Il résulte de ces dispositions que, pour se prononcer sur l’existence d’un harcèlement moral, il appartient au juge d’examiner l’ensemble des éléments invoqués par le salarié, en prenant en compte les documents médicaux éventuellement produits, et d’apprécier si les faits matériellement établis, pris dans leur ensemble, laissent supposer l’existence d’un harcèlement moral au sens de l’article L.1152-1 du code du travail. Dans l’affirmative, il revient au juge d’apprécier si l’employeur prouve que les agissements invoqués ne sont pas constitutifs d’un tel harcèlement et que ses décisions sont justifiées par des éléments objectifs étrangers à tout harcèlement.
En l’espèce, Mme [U] fait valoir qu’elle a subi des pressions pour accepter une rupture conventionnelle à compter de mars 2018 et que ses conditions de travail se sont encore dégradées à partir de sa reprise à mi-temps, le 13 avril 2019.
Elle soutient n’avoir reçu aucune formation interne spécifique à l’implémentation du [8] au sien de la société, alors que celle-ci démontre au contraire qu’elle a bénéficié non seulement d’un accompagnement personnalisé de l’éditeur du logiciel, mais aussi du soutien de son supérieur hiérarchique, M. [X], ainsi qu’elle l’écrit elle-même dans un courriel en février 2018, en demandant à travailler comme lui sur 5 jours afin de profiter de sa présence. Il convient en outre de relever, avec l’employeur, que la salariée était loin d’être novice en matière de marketing, puisqu’elle avait obtenu plusieurs diplômes dans ce domaine, notamment en inbound marketing, et pouvait se prévaloir d’une expérience longue et diversifiée.
Mme [U] prétend avoir fait l’objet de reproches injustifiés, mais ne communique que des courriels rédigés par elle-même ou des courriels de ses supérieurs hiérarchiques au contenu particulièrement précis qu’elle ne démontre pas avoir contestés et qui, surtout, interviennent en réaction à des insuffisances par ailleurs établies.

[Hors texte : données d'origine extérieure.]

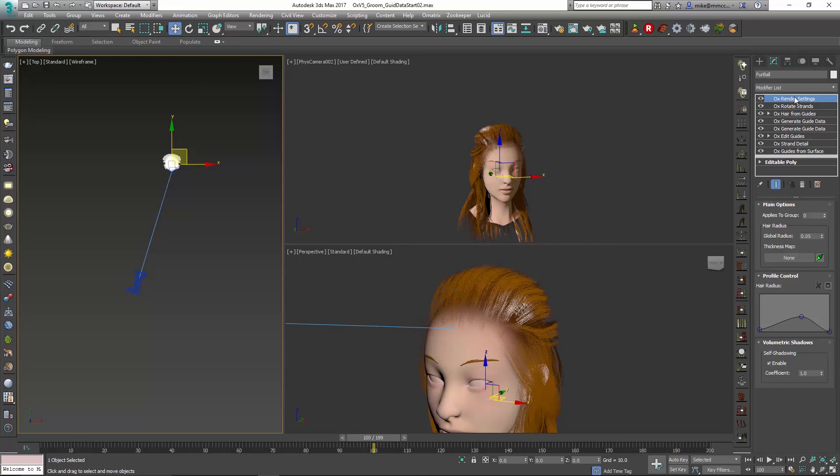Okay, hopefully that helps you in your character grooming and setups. Thank you very much.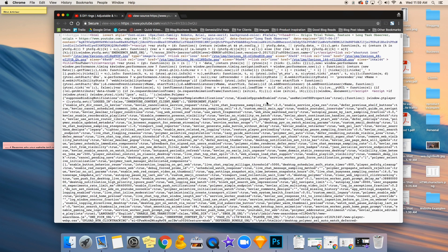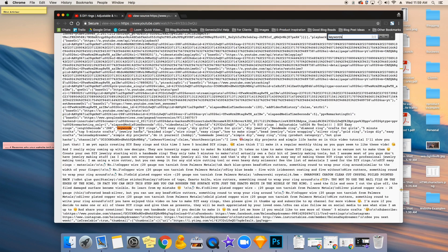A new tab will pop open that looks like a whole bunch of code — don't freak out. We're going to filter through it. On your keyboard, hit Ctrl+F, which opens a little search bar, then type in the word 'keywords' and press Enter. It will show in the results all of the video tags that this video is currently using. You'll see a whole bunch of tags and they go until where it starts to say 'channel ID.' All the keywords are listed right there, separated by a comma.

Au contraire, il apparaît qu’elle a pu remercier M. [X] pour son aide le 28 février 2018 (« 1000 mercis » avec un smiley heureux), pour remettre en cause le lendemain auprès de M. [B], dirigeant, la liste des missions qu’il avait dressée pour elle après un entretien.
La salariée déplore que les tâches de gestion de projets/création d’outils marketing en ligne lui aient été retirées début 2018. Il ressort cependant des divers éléments produits par les parties qu’elle a rencontré de sérieuses difficultés dans l’implémentation du [8], en dépit de l’aide apportée, notamment par M. [X], si bien que l’employeur, dans le cadre de son pouvoir de direction, a pris la décision de la recentrer sur d’autres missions relevant de son poste d’inbound marketer, et lui a proposé une rupture conventionnelle, qu’elle a refusée.
Mme [U] soutient avoir été isolée, mise à l’écart, avoir été privée d’informations et soumise à l’agressivité verbale croissante de M. [X]. Elle ne démontre toutefois aucun de ces faits.
Elle reproche à l’employeur de n’avoir diligenté aucune enquête en dépit de ses alertes. La cour constate cependant, avec la société, que la salariée n’a jamais fait part d’une quelconque souffrance au travail, qu’elle ne démontre pas que ses arrêts avaient un lien avec ses conditions de travail, et qu’au contraire, après son départ, elle a envoyé un SMS pour remercier les dirigeants pour « avoir fait preuve d’intelligence à chaque moment pour résoudre les conflits » en les qualifiant de « belles personnes ».
Dès lors, il apparaît que la salariée ne présente pas de faits matériellement établis qui, pris en leur ensemble, laissent supposer l’existence d’un harcèlement moral au sens de l’article L.1152-1 du code du travail.
Le jugement sera confirmé en ce qu’il l’a déboutée de sa demande de dommages et intérêts.
2-Sur l’obligation de sécurité
En application de l’article L.4121-1 du code du travail, l’employeur prend les mesures nécessaires pour assurer la sécurité et protéger la santé physique et mentale des travailleurs.
Ces mesures comprennent :
1° Des actions de prévention des risques professionnels, y compris ceux mentionnés à l’article L.4161-1 ;
2° Des actions d’information et de formation ;
3° La mise en place d’une organisation et de moyens adaptés.
L’employeur veille à l’adaptation de ces mesures pour tenir compte du changement des circonstances et tendre à l’amélioration des situations existantes.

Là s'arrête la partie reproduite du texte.